◆ **Exercise brief**: In the material below, find the span from the line with "Tiguan L 2017 330TSI AT RWD Luxury" to the line with "(03100), 445 €" and transcribe only those lines, exactly, ends included, without the pictures.

◆ **Supplied data**:
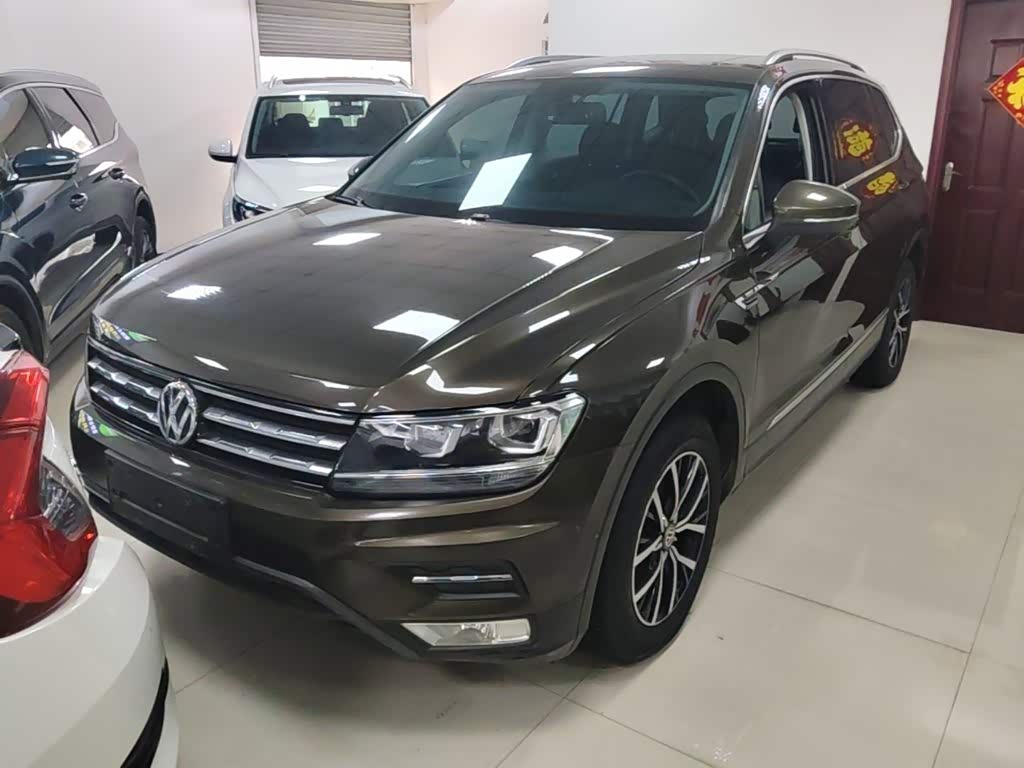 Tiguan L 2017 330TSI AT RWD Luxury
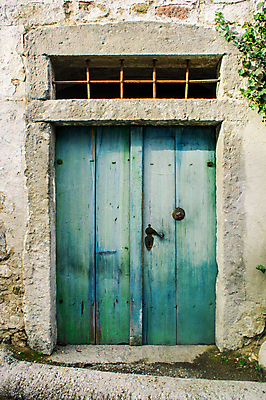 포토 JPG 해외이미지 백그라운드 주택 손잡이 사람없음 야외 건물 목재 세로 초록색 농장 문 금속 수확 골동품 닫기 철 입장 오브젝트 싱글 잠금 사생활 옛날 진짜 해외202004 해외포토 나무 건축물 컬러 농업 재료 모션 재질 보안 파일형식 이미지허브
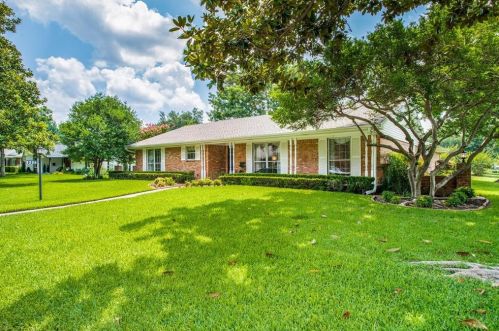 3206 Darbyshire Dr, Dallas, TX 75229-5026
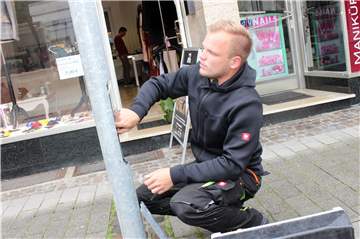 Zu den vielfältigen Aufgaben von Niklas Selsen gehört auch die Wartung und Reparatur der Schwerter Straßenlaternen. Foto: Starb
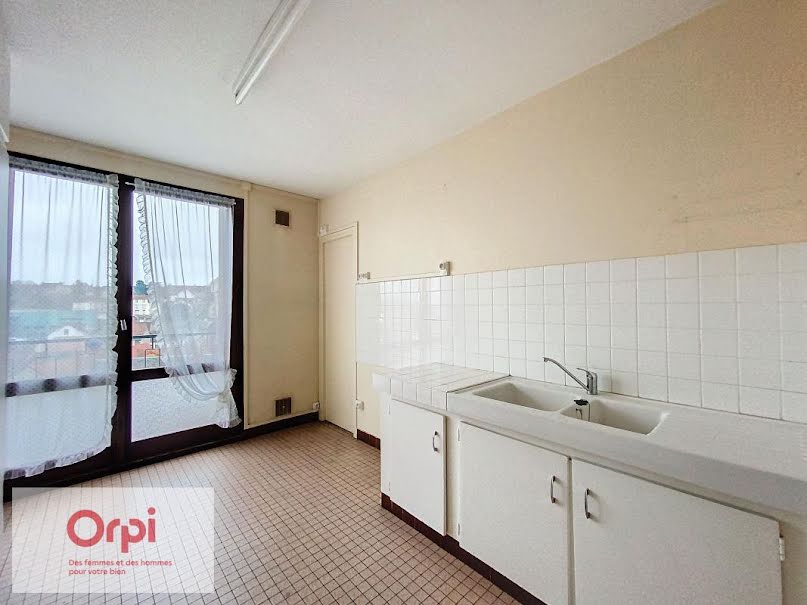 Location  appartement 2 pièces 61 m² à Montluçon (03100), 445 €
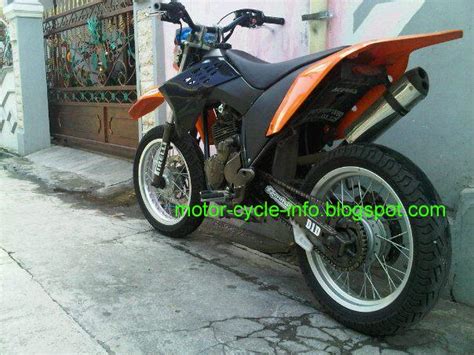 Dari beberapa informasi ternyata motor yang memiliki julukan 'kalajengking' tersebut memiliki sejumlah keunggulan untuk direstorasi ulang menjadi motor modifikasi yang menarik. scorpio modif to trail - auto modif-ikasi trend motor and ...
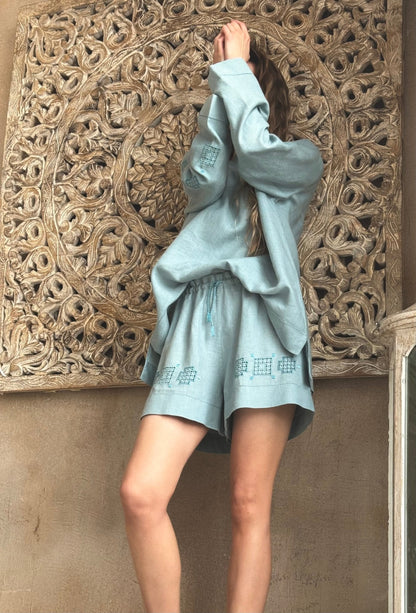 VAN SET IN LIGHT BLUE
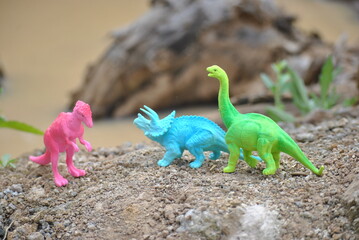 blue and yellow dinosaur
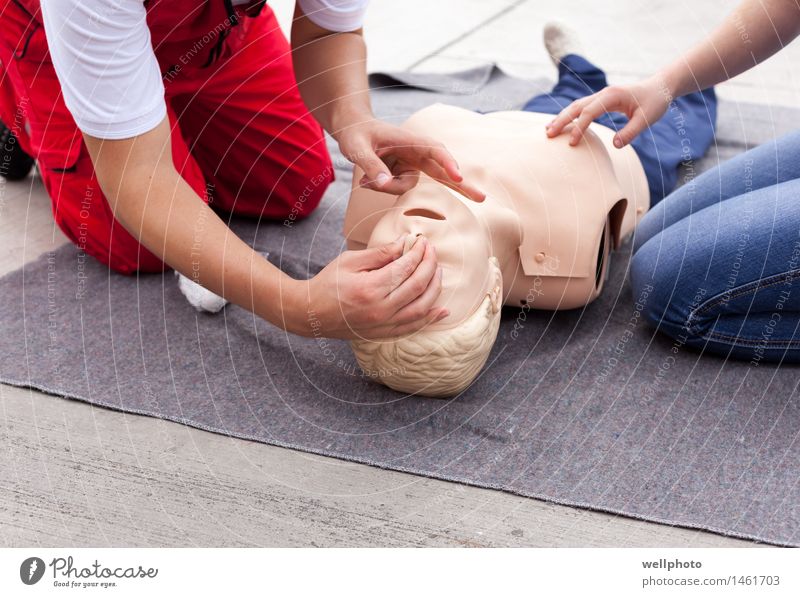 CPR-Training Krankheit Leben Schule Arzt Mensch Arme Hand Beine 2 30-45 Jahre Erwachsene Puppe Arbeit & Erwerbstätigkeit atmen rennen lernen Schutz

...

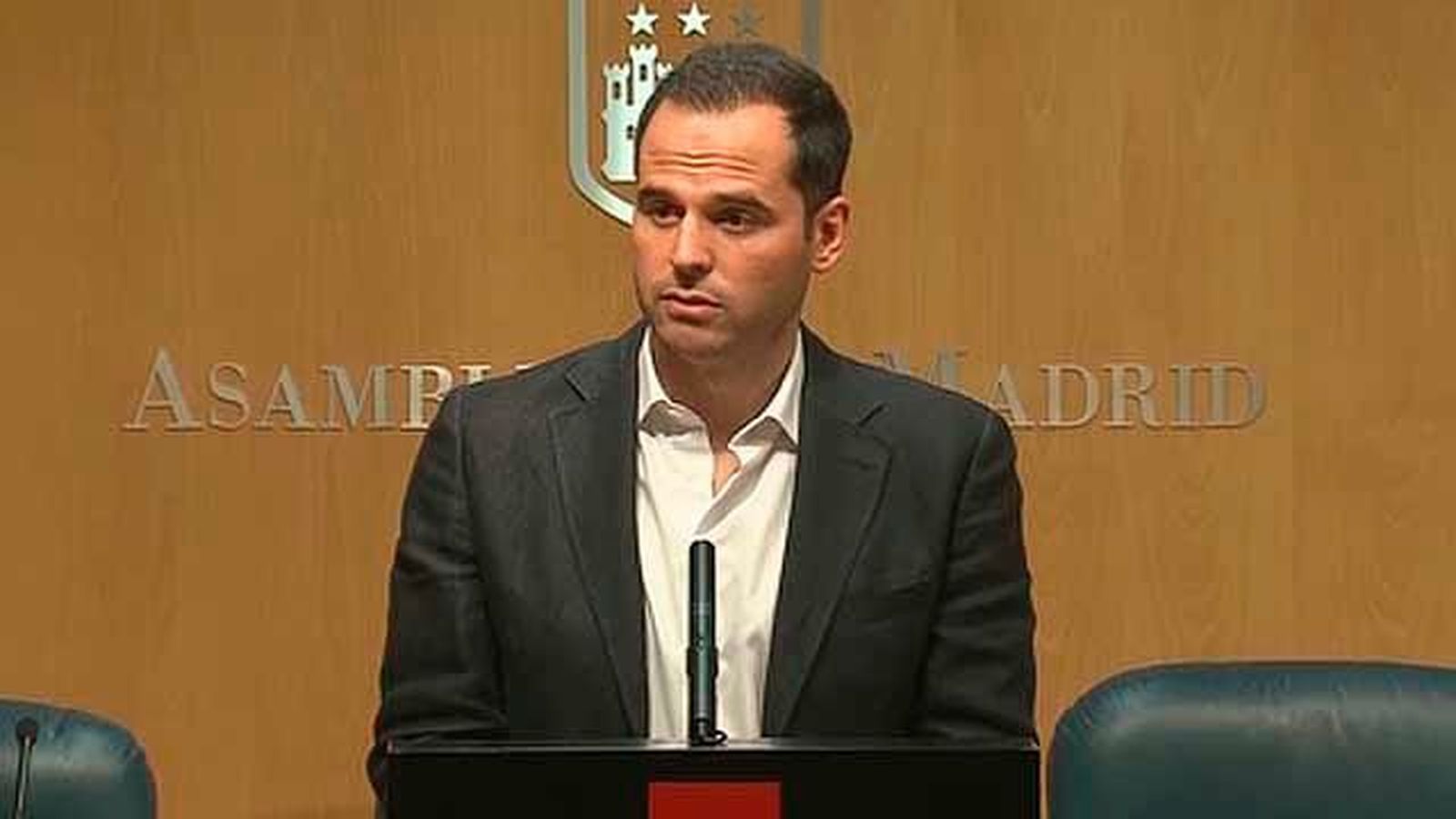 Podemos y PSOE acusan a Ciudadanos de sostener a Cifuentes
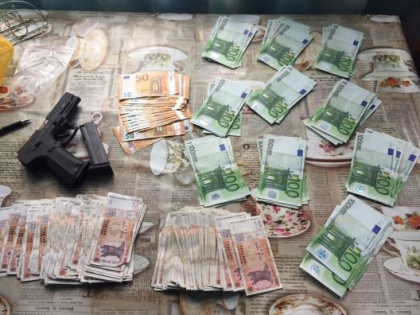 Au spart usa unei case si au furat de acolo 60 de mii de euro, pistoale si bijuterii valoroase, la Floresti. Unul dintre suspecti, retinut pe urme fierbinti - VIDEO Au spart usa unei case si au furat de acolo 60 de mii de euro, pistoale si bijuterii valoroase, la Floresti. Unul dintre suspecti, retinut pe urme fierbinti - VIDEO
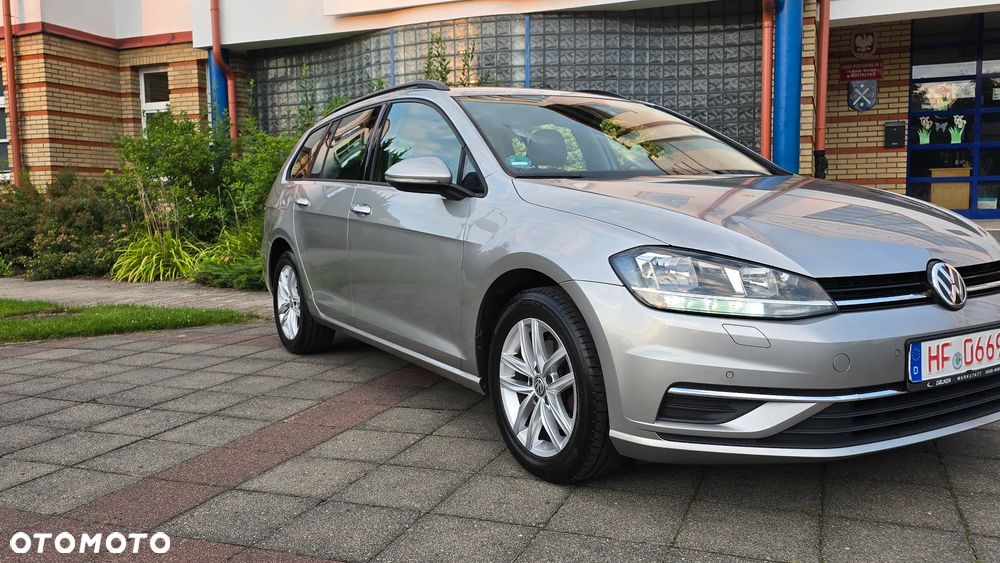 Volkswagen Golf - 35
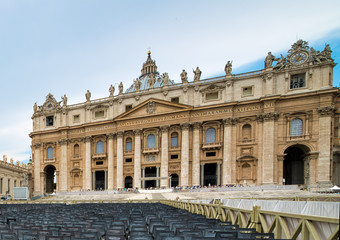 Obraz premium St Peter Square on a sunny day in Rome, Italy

--

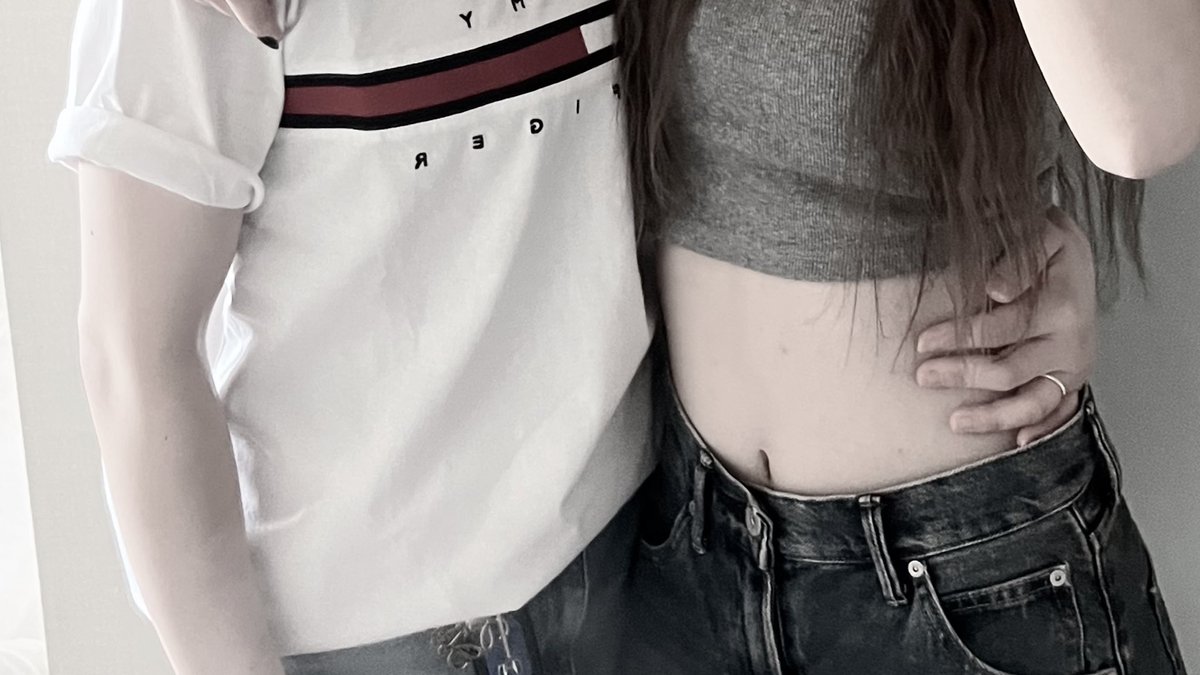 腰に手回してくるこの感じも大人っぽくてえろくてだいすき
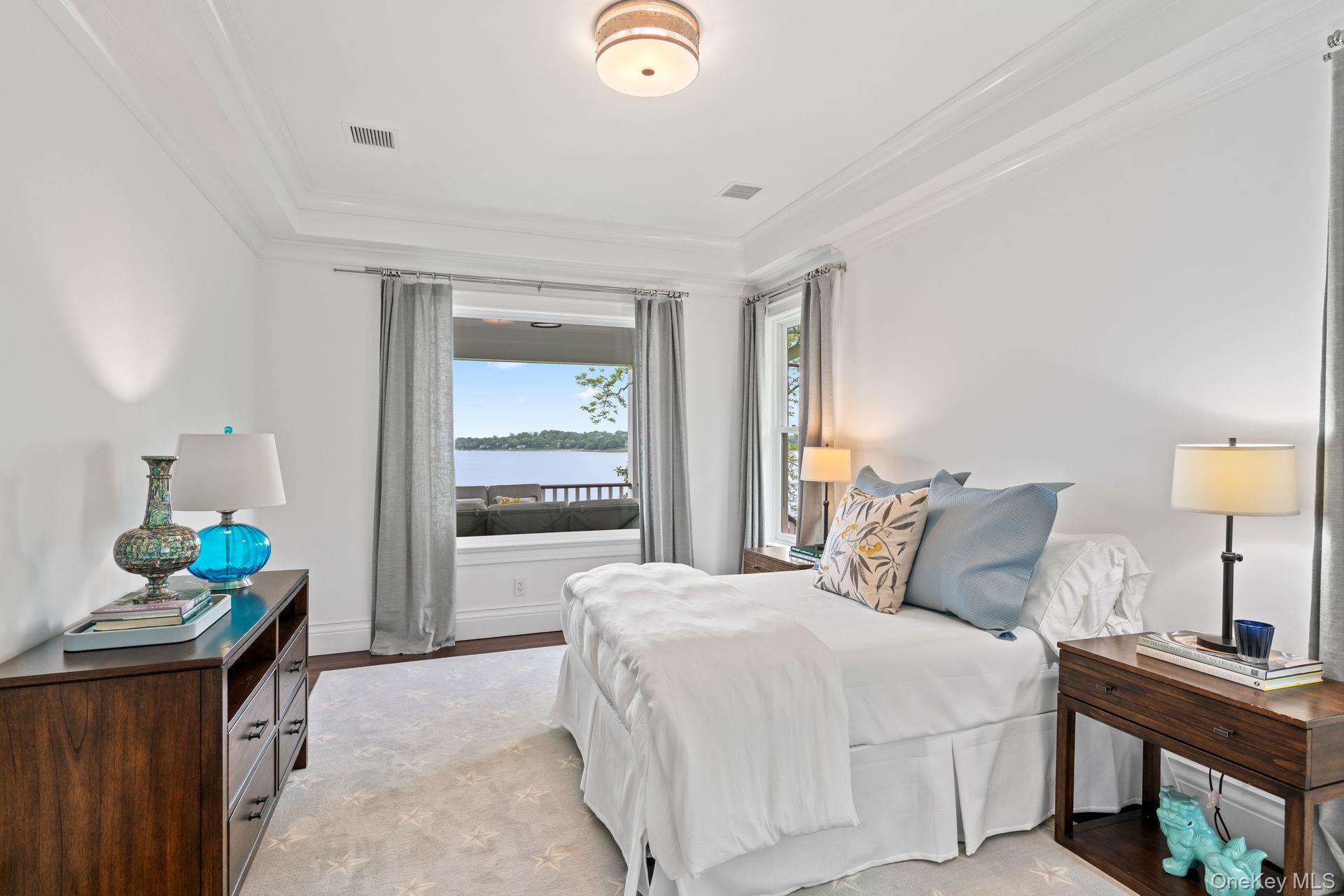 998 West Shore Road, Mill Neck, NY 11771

◆ **Solution for this exercise**:
 Tiguan L 2017 330TSI AT RWD Luxury
 포토 JPG 해외이미지 백그라운드 주택 손잡이 사람없음 야외 건물 목재 세로 초록색 농장 문 금속 수확 골동품 닫기 철 입장 오브젝트 싱글 잠금 사생활 옛날 진짜 해외202004 해외포토 나무 건축물 컬러 농업 재료 모션 재질 보안 파일형식 이미지허브
 3206 Darbyshire Dr, Dallas, TX 75229-5026
 Zu den vielfältigen Aufgaben von Niklas Selsen gehört auch die Wartung und Reparatur der Schwerter Straßenlaternen. Foto: Starb
 Location  appartement 2 pièces 61 m² à Montluçon (03100), 445 €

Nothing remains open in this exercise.